Playoff fever is coming to Omaha, as the Creighton University men’s soccer team will play host to the defending NCAA National Champions: the University of Maryland Terrapins.
This will be the Bluejays seventh and final spring exhibition game, topping off a very successful spring season. The Jays won matches over Notre Dame (1-0), Eckerd College (3-0), the University of Denver (2-1) and the Venezuelan youth national team (4-2). They also tied Major League Soccer’s Kansas City Wizards (2-2).
But this match on Sunday, some suggest, will be more difficult than any of those games.
“We have been preparing really hard for the Maryland game on Sunday,” sophomore forward Tucker Sindlinger said. “It’s great that we can have such a competitive game to close out the spring season. It certainly won’t feel like a spring game.”
Sunday’s game will have somewhat of a bittersweet atmosphere about it as the teams clash at Morrison Stadium. On Dec. 6, 2008, the men’s team lost in a heartbreaking 1-0 decision in the NCAA Regional Finals to Maryland in College Park, Md.
“Losing to Maryland in the Elite Eight was not the way we wanted our season to end,” Sindlinger said. “But the work we do from now until next fall will go a long way in helping us reach our goals.”
This is a unique matchup not only because of the rematch aspect, but also because this is the second consecutive year that a reigning NCAA national champion will be playing a spring game at Creighton. Last spring, then-defending National Champion Wake Forest played in an exhibition game that ended in a 1-1 tie.

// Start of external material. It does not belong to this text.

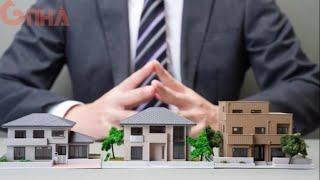 [GNhà] - Có Nên Đầu Tư Bất Động Sản Nghỉ Dưỡng?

“I thought it was wonderful [to play Wake Forest],” head coach Bob Warming said. “Our guys had heard and read on the Internet of how dominant Wake [Forest] had been last year. We got to play them and tied them and I think it helped our guys with not being intimidated by them if we were to face them in the fall.”

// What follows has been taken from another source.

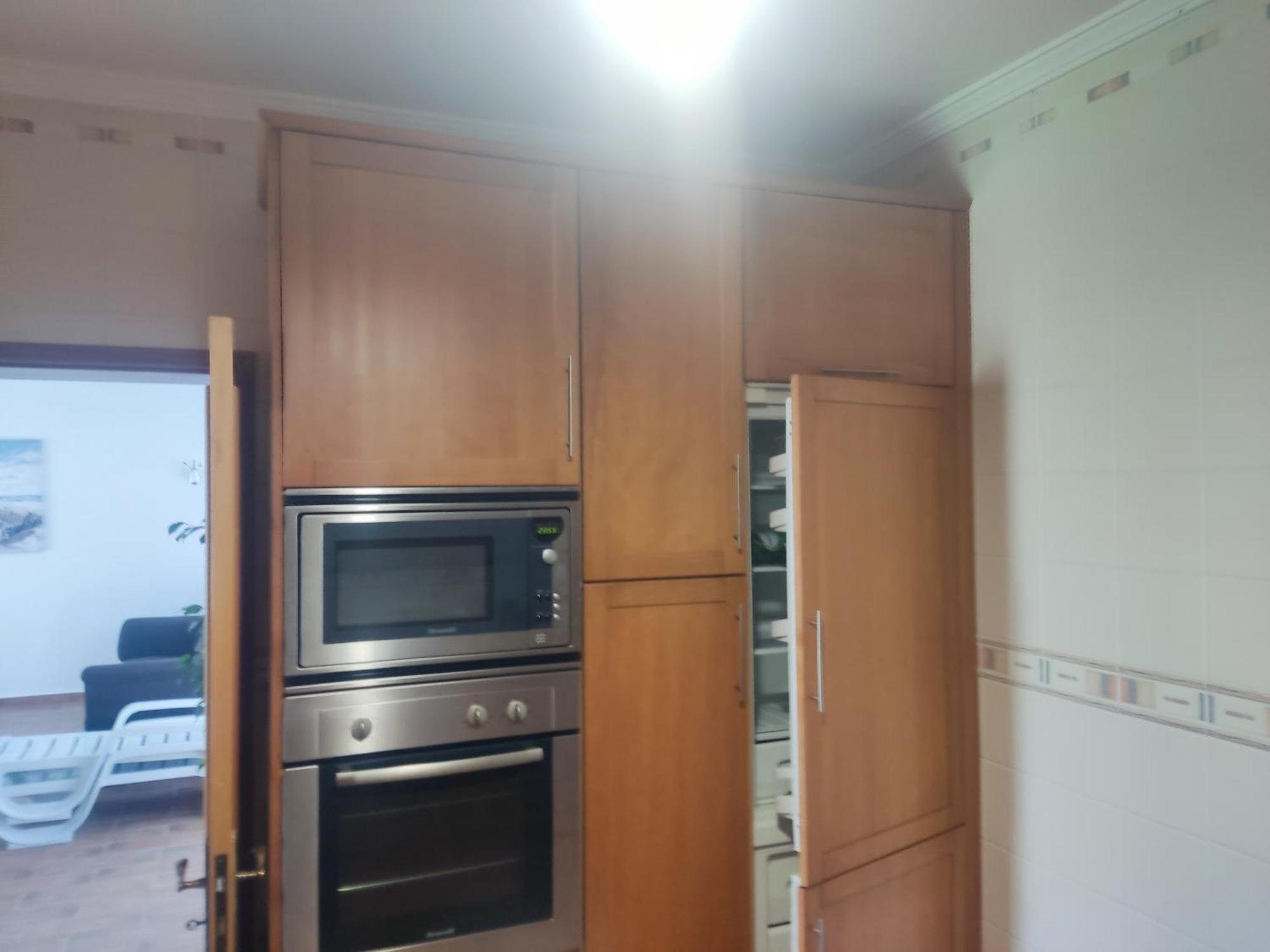 Central Location 3 Bedroom Villa *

Warming enjoys facing stiff competition in the exhibition season such as Wake Forest and Maryland and believes it provides a good indicator of the season to come.
“It is a good way to measure where you are as a team,” he said. “It’s also a great video to watch of how you perform against some of the top players in college soccer.”
Warming believes the crowd is an enormous factor in winning against tough competition.
“The Maryland students really helped Maryland win the match,” he said. “It was a very loud atmosphere at the match and they were all over our guys. That might be the only payback our players would like to seeβthey would love to see our students get behind the Jays one more time this year and help us get a win.”
The match is set for 12:30 PM on Sunday, April 26 at Morrison Stadium. All students are encouraged to attend the game to cheer the Bluejays on to a victory.